Cronache

Patto scritto col sangue, marchio a fuoco e frustate per diventare suore

Dall'inchiesta della procura di Avellino sull'istituto religioso dei frati dell'Immacolata emergono riti di affiliazione simili alla mafia

Riti di affiliazione simili a quelli usati dalla 'ndrangheta. Vessazioni, patti di adesione scritti col sangue e marchi fatti col fuoco. È l'incredibile storia delle suore che giurarono fedeltà ai frati dell'Immacolata: avrebbero scritto con il sangue delle loro mani un patto di fedeltà a padre Stefano Manelli, cofondatore dell'istituto dei frati che ha la sede principale a Frigento (Avellino).

Sono passati 22 anni da quando la suora che racconta la sua storia al Corriere ha firmato il suo patto di sangue. È stata suora per 12 anni in quel convento su cui cala l'ombra di presunte vessazioni, abusi e violenze. Fino anche all'accusa di istigazione alla prostituzione.

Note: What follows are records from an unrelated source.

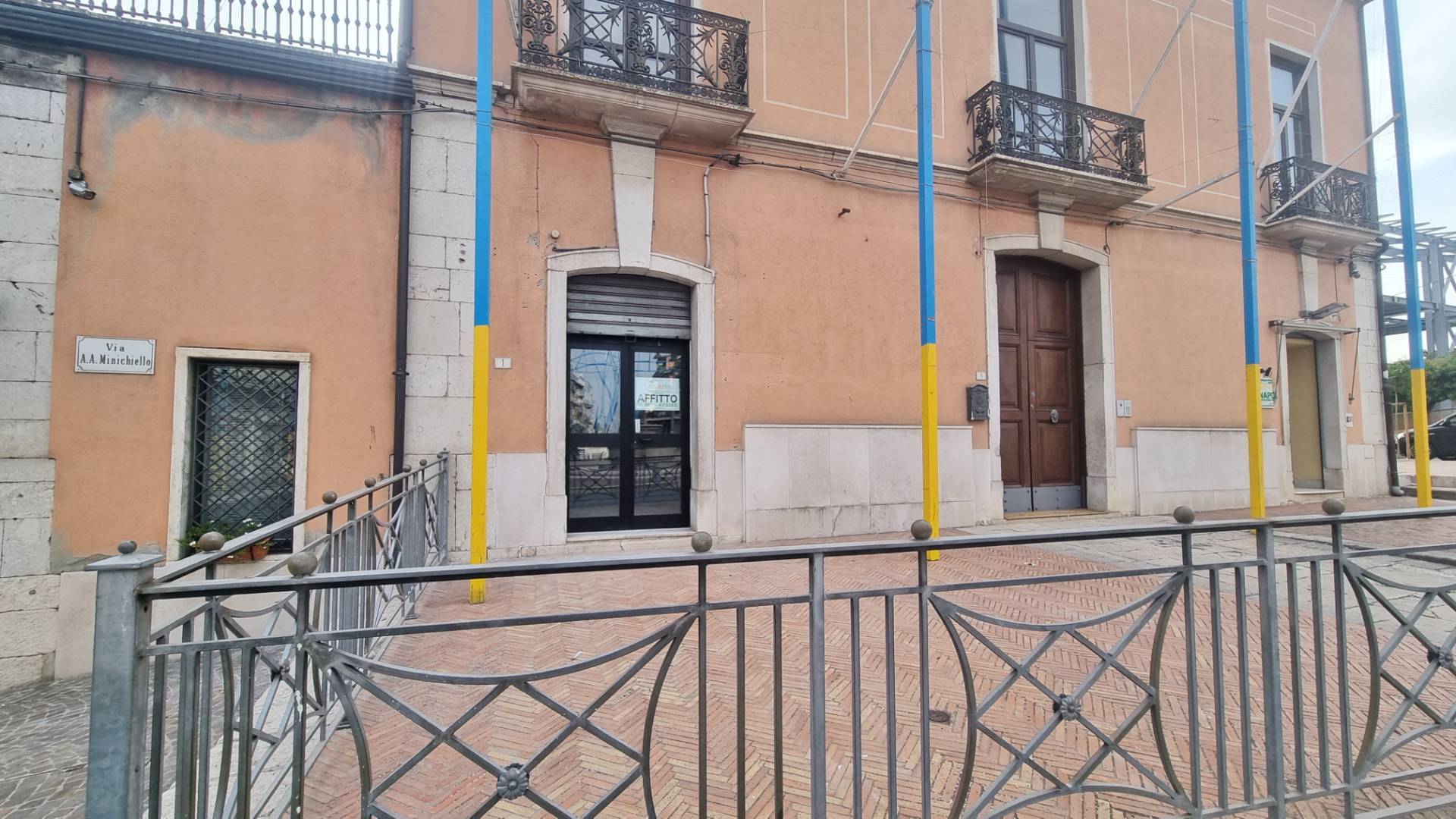 Locale commerciale in affitto a Grottaminarda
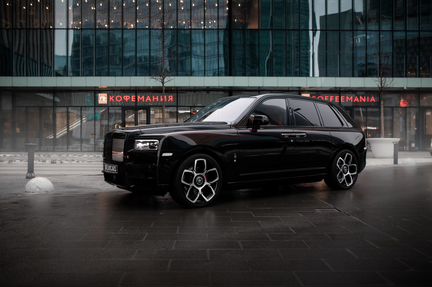 Аренда Rolls Royce Cullinan Black Badge в Москве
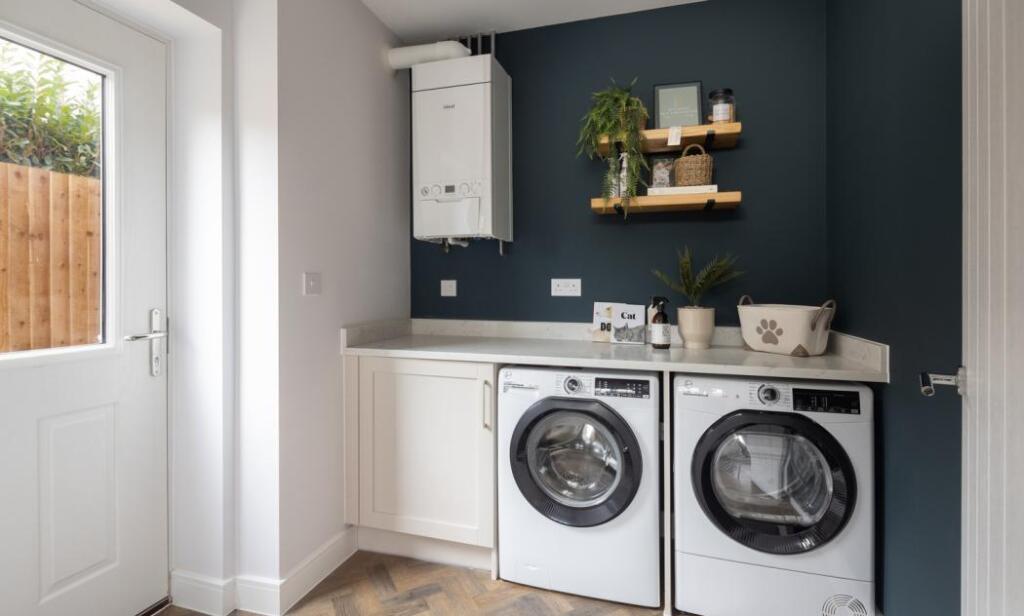 Dandara - Wittering Place - The Wotton, Home 9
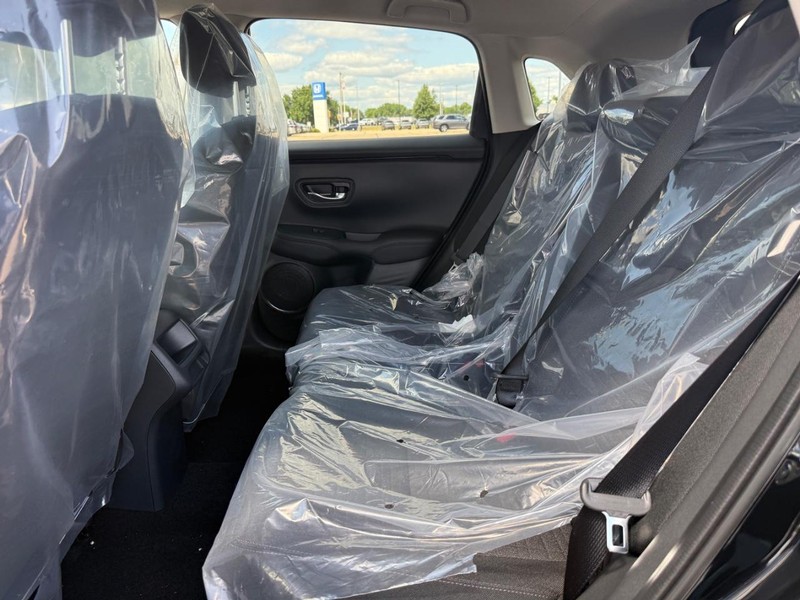 Honda HR-V Vehicle Image 9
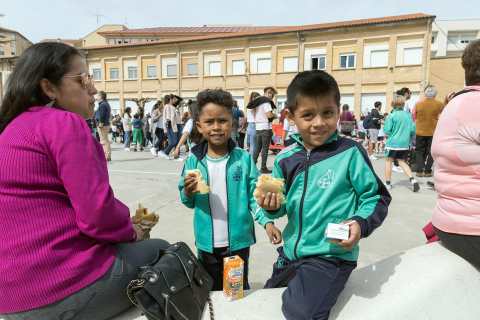 Fotos de la Operación Bocata del colegio Anunciata de Tudela.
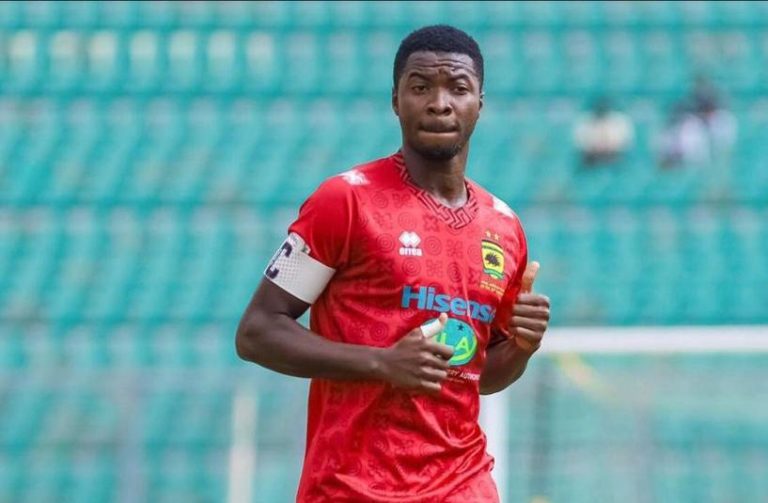 Abdul Ganiyu rescinds decision to leave Asante Kotoko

La vicenda divenne più o meno nota nel 2013, quando il commissario apostolico, padre Fidenzio Volpi, mise le mani nei documenti e nella realtà conventuale di padre Stefano Manelli. Il quale, ovviamente, rigetta le accuse e parla di "calunnie". Ma nel dossier lasciato da Volpi (morto nel giugno scorso) al legale Giuseppe Sarno ci sono dichiarazioni e racconti frati, suore e familiari dei religiosi che disegnerebbero una realtà tragica. Ed ora c'è anche la suora che mostra i documenti scritti col sangue e racconta le vessazioni subite. "Ho già testimoniato in Vaticano - racconta al Corriere - e sono disposta a far esaminare la lettera scritta col sangue e poi controfirmata da padre Stefano Manelli, dai periti della procura. Lo faccio perché ho il dovere di far emergere cosa accadeva in quei conventi lager, dove ci sono ancora nostre sorelle che soffrono".

La richiesta - quasi uno slogan o parola d'ordine - sarebbe questa: "Ti devi fare santa". "Mangiavamo la cenere nei pasti e spesso lo facevamo in ginocchio – racconta un’altra ex suora che ora vive in sud America – La sera ci frustavamo con la disciplina, uno strumento con delle punte di ferro. Mentre lo facevamo dovevamo pregare e gli schizzi di sangue imbrattavano i muri. Portavamo anche un cuore fatto con dei chiodini. Lo mettevamo a contatto con la pelle. Io mi sono anche marchiata a fuoco due volte".

Non è tutto. Perché c'è anche un'altra inchiesta che scuote la cominutà dei frati e delle suore dell'Immacolata. Questa volta si parla di soldi. Nell'indagine si parla di truffa aggravata e falso ideologico, tanto che la procura ha disposto il sequestro di 30 milioni di euro, poi annullato dal tribunale del riesame. Ma a sconvolgere è la testimonianza della suora, che in merito ai soldi afferma: "Ci mandavano da alcuni “benefattori” molto ricchi e ci chiedevano di essere accondiscendenti. Io mi sono tirata indietro. Anche Manelli aveva modi ambigui. Stavo male quando facevo direzione spirituale con padre Manelli perché facendolo sembrare un fatto naturale spingeva la mia mano verso le sue parti intime".

La difesa di padre Martelli però non si lascia condizionare: "Padre Stefano Manelli desidera vivere in povertà, vuole vivere secondo l’ispirazione tradizionale della chiesa, tutto il resto sono delle strumentalizzazioni e sono delle non verità. Per quanto concerne la truffa credo che il tribunale del riesame abbia già chiarito con il rigetto che non esiste né truffatore né truffato. Poi c’è l’altro filone quello dei dossier delle suore costrette a leccare i pavimenti. È ridicolo e triste.

Noi abbiamo già presentato tre denunce per calunnia alla Procura della Repubblica di Avellino".